It's hard to move around. It's hard to set up an experimental space to test things. So it reinforces in these feedback loops, a way of feeling yourself as a, just a mind type being and pre given knowledge and all of those things.

[00:20:54] Christina Garidi: Okay. So are you rolling around on the floors then?

[00:21:00] Jason Frasca: Sometimes.

[00:21:03] Christina Garidi: Not now on a study with you.

[00:21:07] Iain Kerr: I tried as an experiment, just as a side note to live for about 10 years without any furniture. Just stuff on the floor and nothing on the walls. And

[00:21:21] Christina Garidi: how did that work out?

[00:21:24] Iain Kerr: I think it the first part is incredibly hard because your physiology, is shaped from birth to be with certain furniture.

And so your skeleton, your muscles, your organs. So just changing that like overnight. It's incredibly difficult because back to this, like you're embodied and extended and so suddenly you're lost. It's like you've, cut off a chunk of your actual being and you have to find it anew.

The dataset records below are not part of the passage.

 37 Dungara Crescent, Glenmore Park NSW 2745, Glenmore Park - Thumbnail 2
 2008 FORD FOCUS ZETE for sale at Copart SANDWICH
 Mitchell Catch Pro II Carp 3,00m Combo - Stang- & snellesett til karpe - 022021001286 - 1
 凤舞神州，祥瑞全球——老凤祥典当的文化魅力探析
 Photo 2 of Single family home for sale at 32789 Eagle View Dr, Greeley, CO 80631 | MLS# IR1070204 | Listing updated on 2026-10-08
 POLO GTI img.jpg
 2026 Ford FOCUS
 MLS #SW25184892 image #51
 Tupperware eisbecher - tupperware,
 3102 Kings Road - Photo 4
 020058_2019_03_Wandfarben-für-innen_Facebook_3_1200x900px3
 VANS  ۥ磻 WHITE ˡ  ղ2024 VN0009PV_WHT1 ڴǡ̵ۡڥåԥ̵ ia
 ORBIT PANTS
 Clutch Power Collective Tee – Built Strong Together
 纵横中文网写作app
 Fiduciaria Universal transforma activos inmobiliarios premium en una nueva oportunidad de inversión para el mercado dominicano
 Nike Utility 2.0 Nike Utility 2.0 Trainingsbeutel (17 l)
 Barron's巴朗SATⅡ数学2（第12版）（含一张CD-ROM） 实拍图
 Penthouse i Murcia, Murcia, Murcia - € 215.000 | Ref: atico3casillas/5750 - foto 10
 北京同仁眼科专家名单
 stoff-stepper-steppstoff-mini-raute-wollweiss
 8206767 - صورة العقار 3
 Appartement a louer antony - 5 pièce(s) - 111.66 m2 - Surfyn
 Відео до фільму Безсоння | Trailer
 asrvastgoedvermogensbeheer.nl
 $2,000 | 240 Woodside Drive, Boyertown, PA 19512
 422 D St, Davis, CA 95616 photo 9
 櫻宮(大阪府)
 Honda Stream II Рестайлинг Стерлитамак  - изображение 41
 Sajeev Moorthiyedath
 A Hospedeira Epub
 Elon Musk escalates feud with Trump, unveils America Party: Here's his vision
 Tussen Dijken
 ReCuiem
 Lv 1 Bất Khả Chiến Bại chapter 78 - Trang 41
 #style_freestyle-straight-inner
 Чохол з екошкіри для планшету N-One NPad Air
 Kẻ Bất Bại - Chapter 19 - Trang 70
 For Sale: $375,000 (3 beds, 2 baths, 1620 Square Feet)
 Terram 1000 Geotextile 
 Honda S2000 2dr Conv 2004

So I think a big part was like just persevering to figure out how to make something different happen. But I, just bring it up in the sense of we are, it's our environment isn't just something extra. And I think this is an important part for leadership and organizations is if you just, have information about creativity or you just have workshops, but you don't change the actual environments and the infrastructure, the organizational logic, it's just going to bounce back like it's propensity will take you back to whatever else it was and no matter how many times or posters you put up, Saying do whatever, like the embodied, enacted, habitual environmental practices just move everything back in the other direction.

[00:23:00] Christina Garidi: Habit. Wow. That's powerful because you said reality shapes us as well. The environment shapes us back and it was striking to imagine me with, without Of course, the laptops, the desk, the chair how would I be doing this meeting? Anyway, I don't need to have a, an existential crisis right here, I think, right now.

We'll save it for off camera. Yes, I can send you my first impressions. My husband is away. I can throw all the furniture and get him to come back to a house of no furniture. I do receive your letter, as I said the Emerging Futures Lab weekly. Something that really striked me was, about how you said that innovation doesn't give any answers.

And it's not about a method and. That it's not even about us. And I think you already started shaping our mind around that dot, So I just want to finish the sentence here. So if it's not all these things, what else is it not? And perhaps. How we can start grasping it, because we talked about environment, space, non linear, so start making it perhaps a bit more, I don't know, I'm not going to say the word because I don't want to define it.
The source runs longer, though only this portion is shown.